Experimental gismu and cmavo are clearly denoted as such, so there’s no reason why experimental lujvo and fu'ivla aren’t.
Maybe this could be automated?

A lujvo is called “experimental” if at least one of its rafsi is derived from an experimental gismu or cmavo.
A fu'ivla is called “experimental” if it is in stage 3 and the used “topic rafsi” is derived from an experimental gismu or cmavo.

jvs 2.0 should have Chinese Simple<=>Traditional decoder

In future jvs 2.0 we should have a switch to change from viewing text in traditional chinese characters and in simplified chinese characters.

There no need in having them as separate languages as those are just two alternative orthographies (as if we had a switch for reading Lojban words in Tengwar).

lojban should be first language in prompt

tsani wrote:

Seeing as how important it is, could "lojban" be placed as the first language
in the list of languages in which one can define a word in jbovlaste?

https://groups.google.com/forum/#!topic/lojban/E1LxnaiMQoc

Change titles in pdf export titles to lojban

https://github.com/lojban/jbovlaste/blob/master/export/latex-export.html#L163
\title{). $escapedlang . q( To lojban and lojban To ). $escapedlang .q( Dictionary}
As you can see English words are hardcoded. I suggest to change the relevant part to the following:

lo vlaste noi fanva fi lo escapeall($langrealname) la .lojban. gi'e fi la .lojban. escapeall($langrealname)

We also have
\chapter{lojban to ). escapeall($langrealname) .q(}).

This can be translated as
fanva fi la lojban. fo lo escapeall($langrealname)

\author{Lojbanic Community} => \author{lo lojbo cecmu}
\date{\today} => Should be in Lojban format!

What are your opinions?

Etymology

Etymology field is awkward. There are two possible solutions:

Move the etymology field into the editdef.html page.
Retain etymology only for Lojban-Lojban dictionary. Indeed, if you are so interested in Lojban as you want to know where words come from then you must be able to read in Lojban. Having etymology explanations translated to all languages is tiresome and not productive.
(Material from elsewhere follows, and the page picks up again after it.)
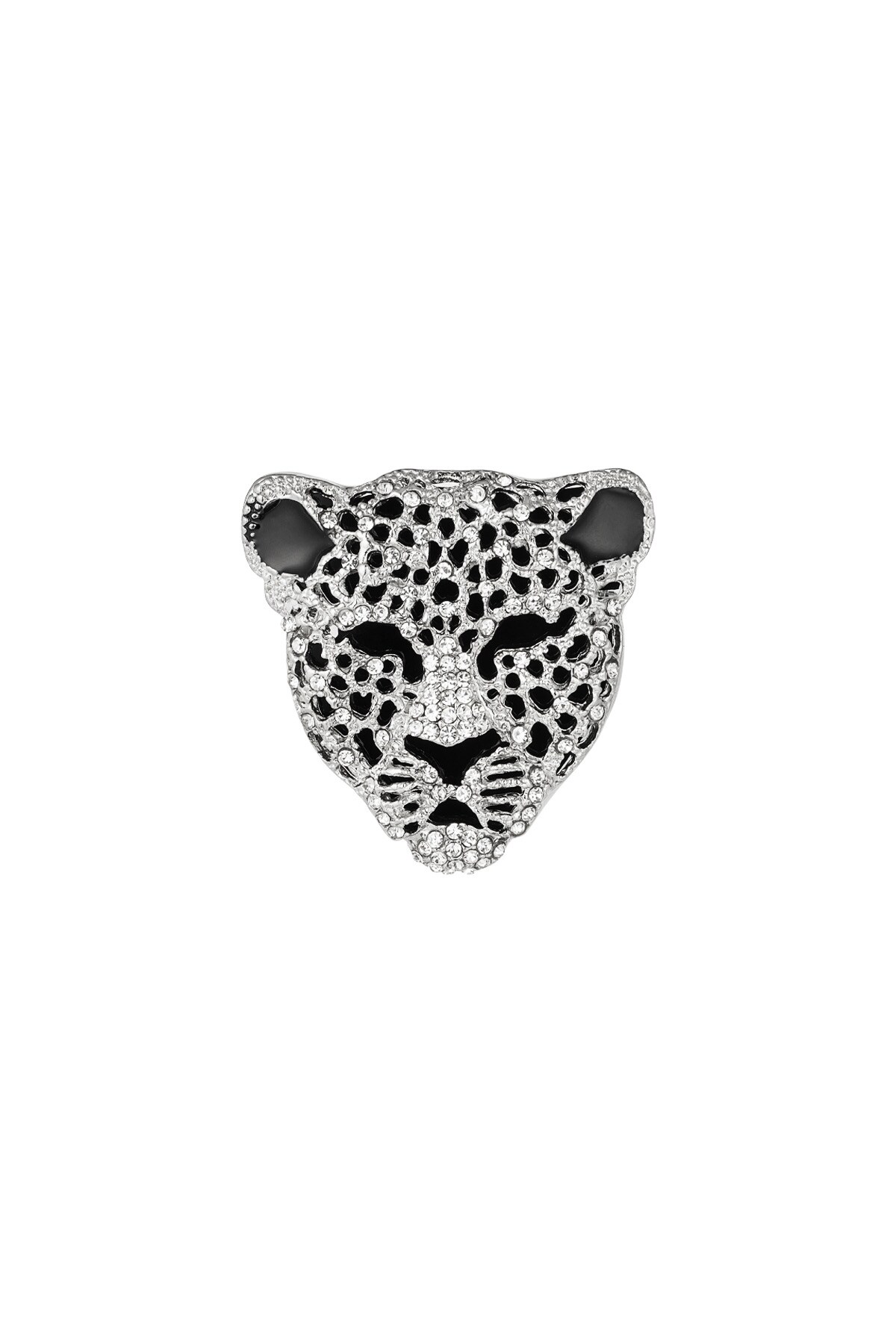 Leopard brooch - black & silver h5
We should have as much as we can written in Lojban itself.

Expose edit history

From selpa'i:

I know some people wanted to be able to easily see who created a word

Make LaTeX/PDF errors more visible

From rlpowell in #6:

It would be super nice to have the definition submission make a
micro latex file to test that you didn't screw up, and show the user errors as
necessary.

In the absence of fixing on a per-definition basis, the export should at least report the
LaTeX output to the user.  :P:P:P  But: The errors don't tell you where you are without
grepping teh latex.  -_-

"Word listings for ''"

Clicking on natlang (all or preferred) in the menu yields a defective header:

Word listings for ""

Please, delete from the jvs database the words i added by mistake

From gleki:

word - definition id
bamju - 20732 
bamju - 36750
balnu - 39121 
balnu - 39123 
balnu - 39122 
balnu - 56024 

vetli - 36700
tamsi - 36698 
tamsi - 36699

Fix bad LaTeX

LaTeX support seems to be broken. Here’s the example for the official definition of dekto (English, definition ID 1): “x1 mathend000# is ten [10; 1*101 mathend000#] of x2 mathend000# in dimension/aspect x3 mathend000# (default is units).”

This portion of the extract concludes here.